**MATERIAL FOR THE TASK**
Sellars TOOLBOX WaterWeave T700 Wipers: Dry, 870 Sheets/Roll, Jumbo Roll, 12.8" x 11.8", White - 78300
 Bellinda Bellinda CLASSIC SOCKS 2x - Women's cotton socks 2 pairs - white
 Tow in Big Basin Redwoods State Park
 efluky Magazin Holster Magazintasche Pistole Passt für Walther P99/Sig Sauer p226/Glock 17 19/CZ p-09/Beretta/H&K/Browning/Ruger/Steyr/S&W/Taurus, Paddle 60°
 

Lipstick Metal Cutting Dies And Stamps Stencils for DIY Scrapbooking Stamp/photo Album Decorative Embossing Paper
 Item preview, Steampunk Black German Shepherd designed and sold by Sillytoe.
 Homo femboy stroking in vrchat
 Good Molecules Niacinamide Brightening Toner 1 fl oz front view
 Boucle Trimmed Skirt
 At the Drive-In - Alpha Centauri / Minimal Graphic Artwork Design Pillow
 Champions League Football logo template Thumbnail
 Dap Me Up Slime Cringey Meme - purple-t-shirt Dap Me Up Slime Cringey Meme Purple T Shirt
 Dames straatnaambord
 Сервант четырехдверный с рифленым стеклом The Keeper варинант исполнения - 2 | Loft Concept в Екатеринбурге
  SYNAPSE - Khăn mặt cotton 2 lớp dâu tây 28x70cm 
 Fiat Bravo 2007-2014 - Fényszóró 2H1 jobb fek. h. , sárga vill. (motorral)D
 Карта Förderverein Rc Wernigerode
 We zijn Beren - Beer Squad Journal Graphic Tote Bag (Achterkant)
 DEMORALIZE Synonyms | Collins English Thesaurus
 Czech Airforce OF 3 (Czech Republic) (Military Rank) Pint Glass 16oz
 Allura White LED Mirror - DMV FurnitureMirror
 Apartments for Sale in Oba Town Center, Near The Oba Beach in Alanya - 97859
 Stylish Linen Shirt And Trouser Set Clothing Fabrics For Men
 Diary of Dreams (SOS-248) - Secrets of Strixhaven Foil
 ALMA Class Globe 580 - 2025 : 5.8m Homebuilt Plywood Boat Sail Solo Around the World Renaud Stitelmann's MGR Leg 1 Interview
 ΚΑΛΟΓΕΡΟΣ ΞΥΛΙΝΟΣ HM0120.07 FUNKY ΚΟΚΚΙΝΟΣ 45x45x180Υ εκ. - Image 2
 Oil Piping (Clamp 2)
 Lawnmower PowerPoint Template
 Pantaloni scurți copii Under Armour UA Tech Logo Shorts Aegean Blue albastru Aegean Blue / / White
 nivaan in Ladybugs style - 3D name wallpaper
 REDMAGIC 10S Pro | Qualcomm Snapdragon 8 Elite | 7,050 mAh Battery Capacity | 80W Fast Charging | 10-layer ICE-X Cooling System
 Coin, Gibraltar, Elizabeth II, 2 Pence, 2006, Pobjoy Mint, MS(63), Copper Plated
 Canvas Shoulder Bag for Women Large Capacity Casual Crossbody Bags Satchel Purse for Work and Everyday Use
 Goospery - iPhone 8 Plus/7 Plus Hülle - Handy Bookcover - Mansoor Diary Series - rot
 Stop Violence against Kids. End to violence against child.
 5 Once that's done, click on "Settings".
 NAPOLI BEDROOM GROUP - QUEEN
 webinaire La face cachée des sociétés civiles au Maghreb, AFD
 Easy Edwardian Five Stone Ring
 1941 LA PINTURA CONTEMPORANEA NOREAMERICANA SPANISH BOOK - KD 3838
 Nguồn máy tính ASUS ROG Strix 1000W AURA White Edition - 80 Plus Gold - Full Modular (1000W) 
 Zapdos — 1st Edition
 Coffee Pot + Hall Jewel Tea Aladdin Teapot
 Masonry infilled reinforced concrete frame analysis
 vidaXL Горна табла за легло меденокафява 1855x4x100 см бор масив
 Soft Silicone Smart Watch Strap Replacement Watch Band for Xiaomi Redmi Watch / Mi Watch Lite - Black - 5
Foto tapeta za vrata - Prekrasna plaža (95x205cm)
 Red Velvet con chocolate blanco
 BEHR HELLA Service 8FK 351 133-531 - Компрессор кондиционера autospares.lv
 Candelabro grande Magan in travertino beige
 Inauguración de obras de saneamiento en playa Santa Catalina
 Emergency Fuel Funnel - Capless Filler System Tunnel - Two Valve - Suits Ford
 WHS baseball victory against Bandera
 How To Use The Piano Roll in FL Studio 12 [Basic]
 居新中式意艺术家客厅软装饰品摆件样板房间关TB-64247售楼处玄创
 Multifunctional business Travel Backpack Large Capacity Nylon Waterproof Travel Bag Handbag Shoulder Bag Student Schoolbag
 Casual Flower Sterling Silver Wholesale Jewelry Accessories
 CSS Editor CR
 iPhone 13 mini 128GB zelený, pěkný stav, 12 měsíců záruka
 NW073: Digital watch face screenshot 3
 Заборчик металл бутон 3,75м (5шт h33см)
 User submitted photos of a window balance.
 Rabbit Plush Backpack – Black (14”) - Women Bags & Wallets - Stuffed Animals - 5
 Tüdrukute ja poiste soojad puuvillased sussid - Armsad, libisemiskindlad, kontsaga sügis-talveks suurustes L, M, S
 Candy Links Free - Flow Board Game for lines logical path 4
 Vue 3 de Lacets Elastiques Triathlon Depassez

**YOUR GOAL**
Look above for the line containing "Fiat Bravo 2007-2014". Output from there through the line containing "Stop Violence against", exactly and inclusively.

**SOLUTION**
 Fiat Bravo 2007-2014 - Fényszóró 2H1 jobb fek. h. , sárga vill. (motorral)D
 Карта Förderverein Rc Wernigerode
 We zijn Beren - Beer Squad Journal Graphic Tote Bag (Achterkant)
 DEMORALIZE Synonyms | Collins English Thesaurus
 Czech Airforce OF 3 (Czech Republic) (Military Rank) Pint Glass 16oz
 Allura White LED Mirror - DMV FurnitureMirror
 Apartments for Sale in Oba Town Center, Near The Oba Beach in Alanya - 97859
 Stylish Linen Shirt And Trouser Set Clothing Fabrics For Men
 Diary of Dreams (SOS-248) - Secrets of Strixhaven Foil
 ALMA Class Globe 580 - 2025 : 5.8m Homebuilt Plywood Boat Sail Solo Around the World Renaud Stitelmann's MGR Leg 1 Interview
 ΚΑΛΟΓΕΡΟΣ ΞΥΛΙΝΟΣ HM0120.07 FUNKY ΚΟΚΚΙΝΟΣ 45x45x180Υ εκ. - Image 2
 Oil Piping (Clamp 2)
 Lawnmower PowerPoint Template
 Pantaloni scurți copii Under Armour UA Tech Logo Shorts Aegean Blue albastru Aegean Blue / / White
 nivaan in Ladybugs style - 3D name wallpaper
 REDMAGIC 10S Pro | Qualcomm Snapdragon 8 Elite | 7,050 mAh Battery Capacity | 80W Fast Charging | 10-layer ICE-X Cooling System
 Coin, Gibraltar, Elizabeth II, 2 Pence, 2006, Pobjoy Mint, MS(63), Copper Plated
 Canvas Shoulder Bag for Women Large Capacity Casual Crossbody Bags Satchel Purse for Work and Everyday Use
 Goospery - iPhone 8 Plus/7 Plus Hülle - Handy Bookcover - Mansoor Diary Series - rot
 Stop Violence against Kids. End to violence against child.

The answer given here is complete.